A new facility will begin producing large round turbine engine components next month using the Spraycast-X process developed by Howmet Corp. A joint venture between Howmet and Pratt&Whitney, Sprayform Technologies International's (STI) new A2 production unit in Whitehall, Mich., will have a 1,000-lb. melt capacity and be capable of forming parts up to 30 in. in diameter. The components are formed by spraying atomized superalloys in a vacuum onto a mandrel. A 6,000-lb.-capacity unit, designated A3, is set to open in Whitehall later this year.
A European direct-to-home television satellite equipped with on-board multiplexing capability was successfully launched into geosynchronous transfer orbit by an Ariane 42P booster.
Michael S. Francis has been named vice president-advanced technology of the Aurora Flight Sciences Corp., Manassas, Va. A recently retired U.S. Air Force colonel, he was director of architecture and integration for the Defense Airborne Reconnaissance Office.

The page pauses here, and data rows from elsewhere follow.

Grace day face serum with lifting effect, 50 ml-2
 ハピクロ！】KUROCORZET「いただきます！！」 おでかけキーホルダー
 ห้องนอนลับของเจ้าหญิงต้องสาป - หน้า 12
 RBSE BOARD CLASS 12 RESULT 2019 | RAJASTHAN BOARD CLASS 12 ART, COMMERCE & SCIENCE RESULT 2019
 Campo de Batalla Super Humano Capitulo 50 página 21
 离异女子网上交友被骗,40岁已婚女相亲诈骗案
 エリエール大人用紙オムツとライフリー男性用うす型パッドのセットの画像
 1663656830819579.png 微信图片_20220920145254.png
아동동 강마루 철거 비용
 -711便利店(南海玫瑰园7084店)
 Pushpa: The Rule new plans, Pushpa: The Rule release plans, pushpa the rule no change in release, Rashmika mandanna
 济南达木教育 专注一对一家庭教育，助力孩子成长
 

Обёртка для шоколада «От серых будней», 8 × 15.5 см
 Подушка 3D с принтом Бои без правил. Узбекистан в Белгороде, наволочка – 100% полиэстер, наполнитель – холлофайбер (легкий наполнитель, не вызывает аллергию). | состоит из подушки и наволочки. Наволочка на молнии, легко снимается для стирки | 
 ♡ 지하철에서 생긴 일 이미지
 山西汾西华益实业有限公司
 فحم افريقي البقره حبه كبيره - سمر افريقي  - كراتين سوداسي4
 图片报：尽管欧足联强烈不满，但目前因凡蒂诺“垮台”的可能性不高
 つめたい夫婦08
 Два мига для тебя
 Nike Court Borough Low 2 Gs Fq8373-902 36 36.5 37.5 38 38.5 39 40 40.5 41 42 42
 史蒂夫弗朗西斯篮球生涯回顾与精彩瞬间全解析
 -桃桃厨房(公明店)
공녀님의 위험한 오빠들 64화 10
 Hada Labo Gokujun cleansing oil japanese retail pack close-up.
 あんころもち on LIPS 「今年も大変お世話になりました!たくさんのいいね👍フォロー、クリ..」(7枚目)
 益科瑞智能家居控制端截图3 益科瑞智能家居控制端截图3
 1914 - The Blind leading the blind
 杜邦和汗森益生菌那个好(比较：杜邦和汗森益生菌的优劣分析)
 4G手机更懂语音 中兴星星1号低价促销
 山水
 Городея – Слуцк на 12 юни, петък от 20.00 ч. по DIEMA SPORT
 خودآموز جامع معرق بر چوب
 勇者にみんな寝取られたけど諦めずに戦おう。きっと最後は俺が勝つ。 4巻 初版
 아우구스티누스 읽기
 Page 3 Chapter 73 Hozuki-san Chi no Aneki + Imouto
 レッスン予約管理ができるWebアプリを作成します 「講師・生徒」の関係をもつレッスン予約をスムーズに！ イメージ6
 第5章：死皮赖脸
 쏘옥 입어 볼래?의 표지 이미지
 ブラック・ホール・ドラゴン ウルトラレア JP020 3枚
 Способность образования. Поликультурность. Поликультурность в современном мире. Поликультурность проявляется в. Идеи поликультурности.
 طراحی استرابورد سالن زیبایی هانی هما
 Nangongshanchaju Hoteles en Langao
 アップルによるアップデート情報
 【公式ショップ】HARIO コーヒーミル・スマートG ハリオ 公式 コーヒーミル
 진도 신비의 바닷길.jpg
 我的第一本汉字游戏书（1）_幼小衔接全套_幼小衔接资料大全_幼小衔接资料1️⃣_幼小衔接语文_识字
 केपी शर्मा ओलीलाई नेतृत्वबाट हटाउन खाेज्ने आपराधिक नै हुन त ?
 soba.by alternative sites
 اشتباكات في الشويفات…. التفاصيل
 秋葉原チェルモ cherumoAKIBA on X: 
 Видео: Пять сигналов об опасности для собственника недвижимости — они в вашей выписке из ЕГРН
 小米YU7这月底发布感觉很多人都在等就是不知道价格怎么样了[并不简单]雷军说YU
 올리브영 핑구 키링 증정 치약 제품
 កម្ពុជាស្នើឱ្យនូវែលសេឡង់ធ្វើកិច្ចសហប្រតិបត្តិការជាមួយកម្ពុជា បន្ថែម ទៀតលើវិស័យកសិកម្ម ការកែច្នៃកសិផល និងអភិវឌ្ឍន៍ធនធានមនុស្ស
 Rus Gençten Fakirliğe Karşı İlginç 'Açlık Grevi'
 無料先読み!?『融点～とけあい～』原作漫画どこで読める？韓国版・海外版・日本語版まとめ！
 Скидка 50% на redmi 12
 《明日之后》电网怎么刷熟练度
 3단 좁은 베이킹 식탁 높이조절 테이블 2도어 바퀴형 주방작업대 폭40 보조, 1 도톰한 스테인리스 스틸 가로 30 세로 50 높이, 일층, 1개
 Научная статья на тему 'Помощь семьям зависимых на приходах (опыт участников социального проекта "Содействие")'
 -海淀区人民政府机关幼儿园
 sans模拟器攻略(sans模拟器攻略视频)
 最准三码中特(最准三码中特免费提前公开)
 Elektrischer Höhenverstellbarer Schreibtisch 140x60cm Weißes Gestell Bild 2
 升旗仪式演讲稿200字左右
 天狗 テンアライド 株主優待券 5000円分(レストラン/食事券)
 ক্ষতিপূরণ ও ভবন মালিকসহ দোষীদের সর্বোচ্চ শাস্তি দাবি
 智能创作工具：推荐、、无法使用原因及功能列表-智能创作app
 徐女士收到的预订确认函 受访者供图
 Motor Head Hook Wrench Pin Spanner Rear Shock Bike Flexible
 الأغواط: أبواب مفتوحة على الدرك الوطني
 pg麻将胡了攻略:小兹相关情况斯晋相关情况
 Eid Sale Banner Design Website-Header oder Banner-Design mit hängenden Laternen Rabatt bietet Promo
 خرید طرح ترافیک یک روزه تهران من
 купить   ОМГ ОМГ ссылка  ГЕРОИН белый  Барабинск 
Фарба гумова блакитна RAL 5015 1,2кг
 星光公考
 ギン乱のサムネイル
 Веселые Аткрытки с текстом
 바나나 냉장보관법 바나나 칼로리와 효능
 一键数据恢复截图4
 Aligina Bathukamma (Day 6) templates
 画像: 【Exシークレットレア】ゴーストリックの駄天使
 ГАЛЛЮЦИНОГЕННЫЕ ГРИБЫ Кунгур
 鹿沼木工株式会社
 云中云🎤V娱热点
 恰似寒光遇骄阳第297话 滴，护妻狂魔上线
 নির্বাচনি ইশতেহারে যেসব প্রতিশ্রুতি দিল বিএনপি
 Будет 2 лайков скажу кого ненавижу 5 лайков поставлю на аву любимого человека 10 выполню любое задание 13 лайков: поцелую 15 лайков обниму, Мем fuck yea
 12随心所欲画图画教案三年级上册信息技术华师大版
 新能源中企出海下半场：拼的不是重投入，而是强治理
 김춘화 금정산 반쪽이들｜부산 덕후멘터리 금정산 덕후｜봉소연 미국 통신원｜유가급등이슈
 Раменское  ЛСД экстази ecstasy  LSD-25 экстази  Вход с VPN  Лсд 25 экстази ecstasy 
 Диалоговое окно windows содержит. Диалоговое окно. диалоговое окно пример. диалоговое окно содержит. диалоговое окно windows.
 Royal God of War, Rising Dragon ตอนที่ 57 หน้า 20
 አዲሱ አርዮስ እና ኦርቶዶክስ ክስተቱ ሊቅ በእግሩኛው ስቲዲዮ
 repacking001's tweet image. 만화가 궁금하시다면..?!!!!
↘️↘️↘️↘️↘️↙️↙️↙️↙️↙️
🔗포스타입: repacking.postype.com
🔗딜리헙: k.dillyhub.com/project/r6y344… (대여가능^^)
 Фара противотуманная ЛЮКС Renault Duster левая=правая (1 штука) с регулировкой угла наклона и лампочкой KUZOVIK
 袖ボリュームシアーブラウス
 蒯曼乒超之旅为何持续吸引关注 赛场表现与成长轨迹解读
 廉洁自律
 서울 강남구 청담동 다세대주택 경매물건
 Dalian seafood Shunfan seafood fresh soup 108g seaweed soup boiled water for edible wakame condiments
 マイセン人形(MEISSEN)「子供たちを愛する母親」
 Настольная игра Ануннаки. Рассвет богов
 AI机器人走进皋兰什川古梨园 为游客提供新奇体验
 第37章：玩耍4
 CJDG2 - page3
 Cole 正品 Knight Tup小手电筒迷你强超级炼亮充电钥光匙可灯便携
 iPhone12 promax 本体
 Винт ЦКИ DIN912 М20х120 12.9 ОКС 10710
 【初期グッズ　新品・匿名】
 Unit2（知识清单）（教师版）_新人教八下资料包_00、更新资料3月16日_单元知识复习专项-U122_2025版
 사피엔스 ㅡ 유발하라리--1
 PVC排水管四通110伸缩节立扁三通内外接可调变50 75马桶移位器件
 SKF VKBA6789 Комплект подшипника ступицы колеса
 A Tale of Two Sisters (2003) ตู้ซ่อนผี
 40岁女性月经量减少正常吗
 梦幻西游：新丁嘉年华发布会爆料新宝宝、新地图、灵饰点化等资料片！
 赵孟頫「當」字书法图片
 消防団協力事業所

Yielding to strong resistance from several U.S. major airlines, the computer reservations systems provider Galileo International has canceled a 50-cent fee it was intending to impose on airlines for processing an electronic ticket. Northwest, Continental and US Airways thwarted Galileo's plans using tactical maneuvers directed for the most part at the travel agent middleman.
Robert J. Stevens has been appointed president/chief operating officer of the Lockheed Martin Energy and Environment Sector, Bethesda, Md. He was president of Lockheed Martin Air Traffic Management. Stevens succeeds Albert Narath, who is scheduled to retire this year.